[Input Boundary: Start]
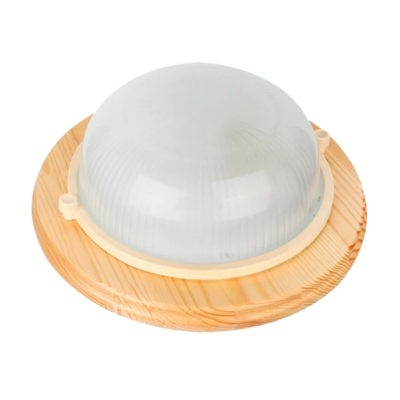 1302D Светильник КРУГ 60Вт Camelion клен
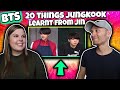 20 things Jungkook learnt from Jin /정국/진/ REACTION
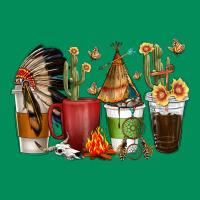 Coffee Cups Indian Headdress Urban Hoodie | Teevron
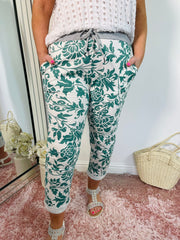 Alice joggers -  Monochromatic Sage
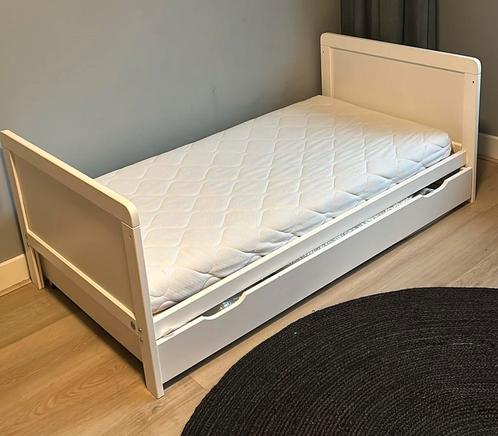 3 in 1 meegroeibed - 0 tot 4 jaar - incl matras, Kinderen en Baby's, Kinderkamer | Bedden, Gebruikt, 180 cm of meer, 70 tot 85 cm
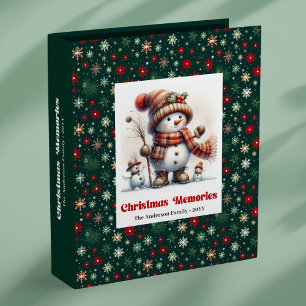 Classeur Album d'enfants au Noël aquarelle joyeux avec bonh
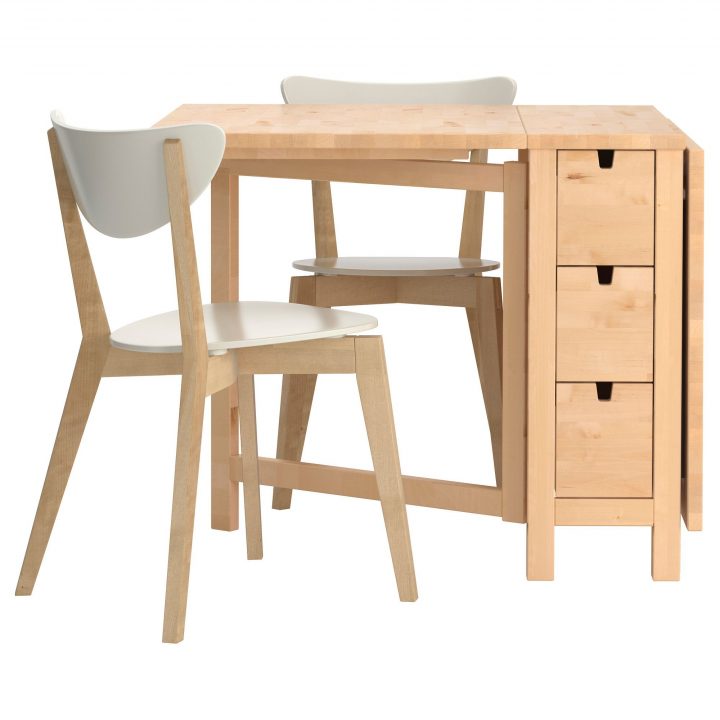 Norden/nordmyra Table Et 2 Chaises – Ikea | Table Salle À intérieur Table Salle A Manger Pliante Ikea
[Input Boundary: End]
[Input Boundary: Start]
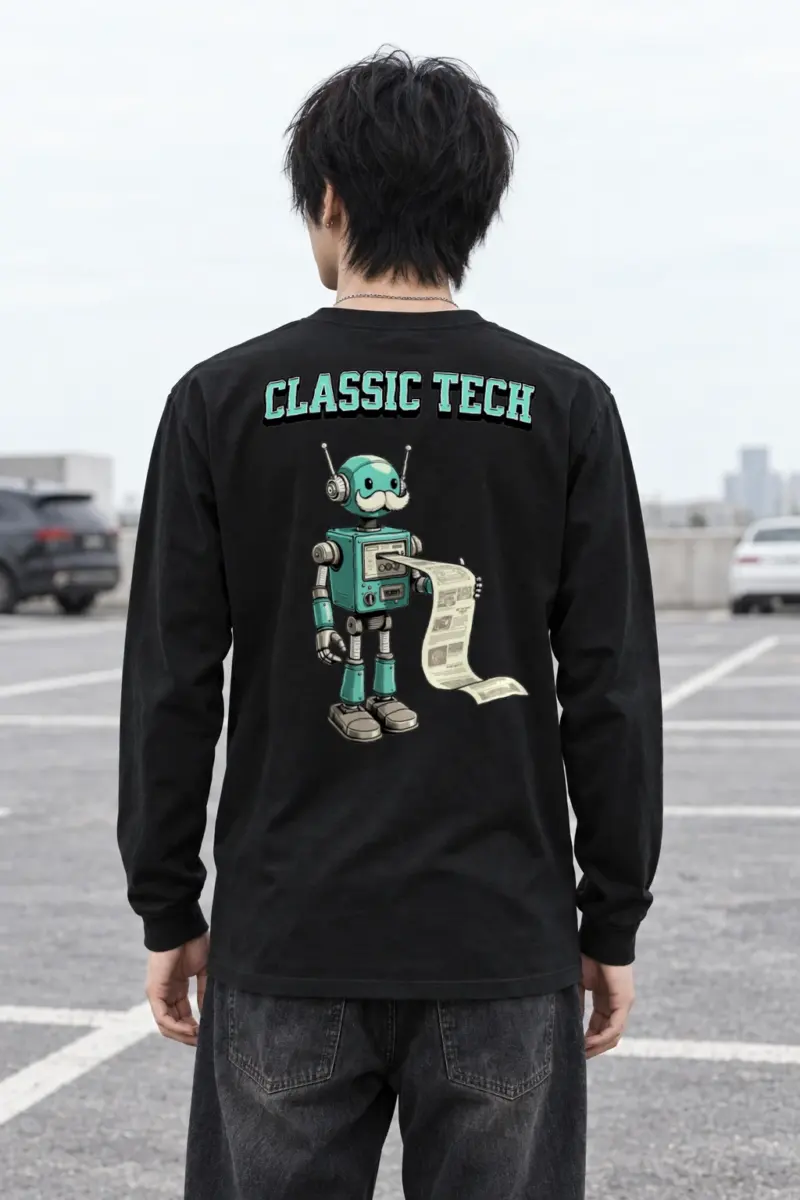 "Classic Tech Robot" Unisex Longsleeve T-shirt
[Input Boundary: End]
*About this exercise*
Would you give again, exactly, the lines in the data above that run from the line containing "Coffee Cups Indian" to the line containing "3 in 1 meegroeibed"? Include both ends and no pictures.

*Your solution*
 Coffee Cups Indian Headdress Urban Hoodie | Teevron
 Alice joggers -  Monochromatic Sage
 3 in 1 meegroeibed - 0 tot 4 jaar - incl matras, Kinderen en Baby's, Kinderkamer | Bedden, Gebruikt, 180 cm of meer, 70 tot 85 cm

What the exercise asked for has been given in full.